Fabrice Jaumont is a French-American educator, author, and advocate for bilingual education. He is known for his work promoting dual-language and language immersion programs internationally.

== Education and career ==
Born in Valenciennes, France, Jaumont moved to the United States in 1997 and later served as education attaché for the Embassy of France to the United States. He received a PhD in International Education from New York University, where his research focused on philanthropy and higher education in Africa. He has been affiliated with the Fondation Maison des Sciences de l'Homme (FMSH) in Paris and the Network for International Policies and Cooperation in Education and Training (NORRAG) in Geneva, where he contributed to research and editorial work on philanthropy in education. In 2018, Jaumont founded the Center for the Advancement of Languages, Education, and Communities (CALEC), a New York-based nonprofit publishing organization focused on multilingualism, cross-cultural understanding, and linguistic communities. That same year, he began hosting Révolution bilingue, a podcast produced with the French-language news outlet French Morning, featuring interviews on bilingualism with researchers and practitioners. He has spoken at conferences in the United States and internationally on topics related to multilingualism and linguistic diversity.

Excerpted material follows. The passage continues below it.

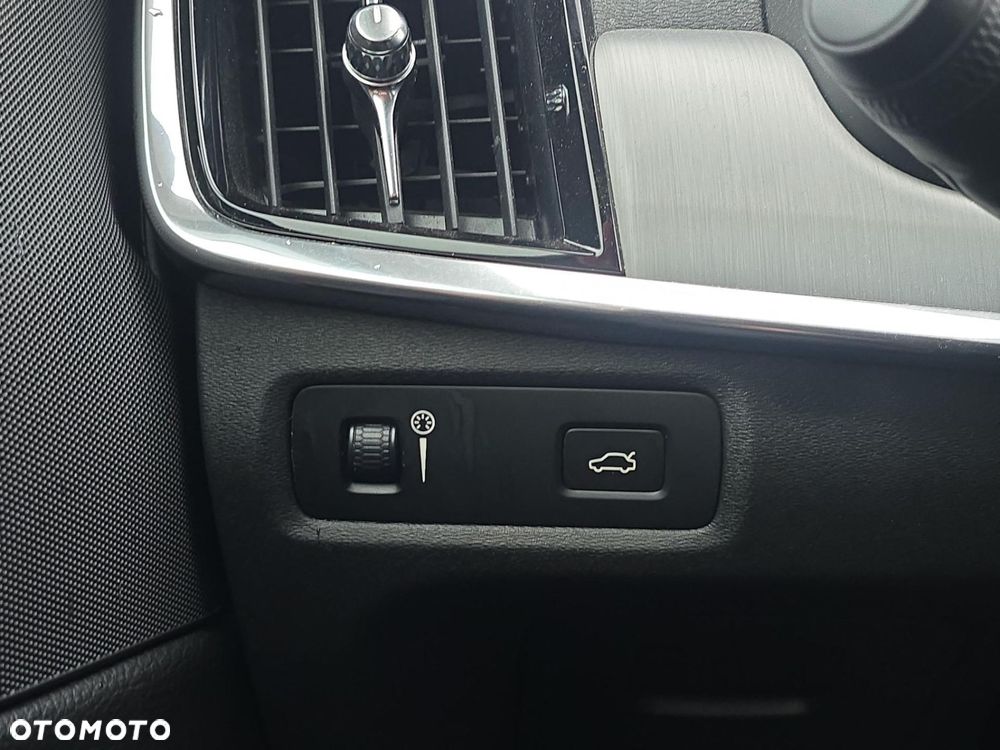 Volvo S90 T4 Momentum - 25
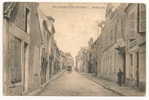 Villeneuve-la-Guyard (89) : Grande Rue, Magasin De Bourrelier à G, Garage D'un Hôtel à D, En 1915 (animée). - Villeneuve-la-Guyard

== The Bilingual Revolution ==
In 2005, French parents and educators in New York initiated efforts to expand French dual-language programs in public schools. Their grassroots approach, later described as the "bilingual revolution," involved organizing families and community stakeholders in neighborhoods, including Brooklyn, Harlem, and the Bronx. The model was subsequently adopted by other linguistic communities in New York City and elsewhere, contributing to the development of dual-language and immersion programs in multiple languages, including French, Italian, German, Russian, Japanese, Chinese, Polish, Spanish, and Arabic. In 2014, The New York Times referred to Jaumont as the "Godfather of language immersion programs" in recognition of his involvement in the expansion of such initiatives. The same year, Les Echos included him in a list of influential French figures for his role in promoting bilingual education.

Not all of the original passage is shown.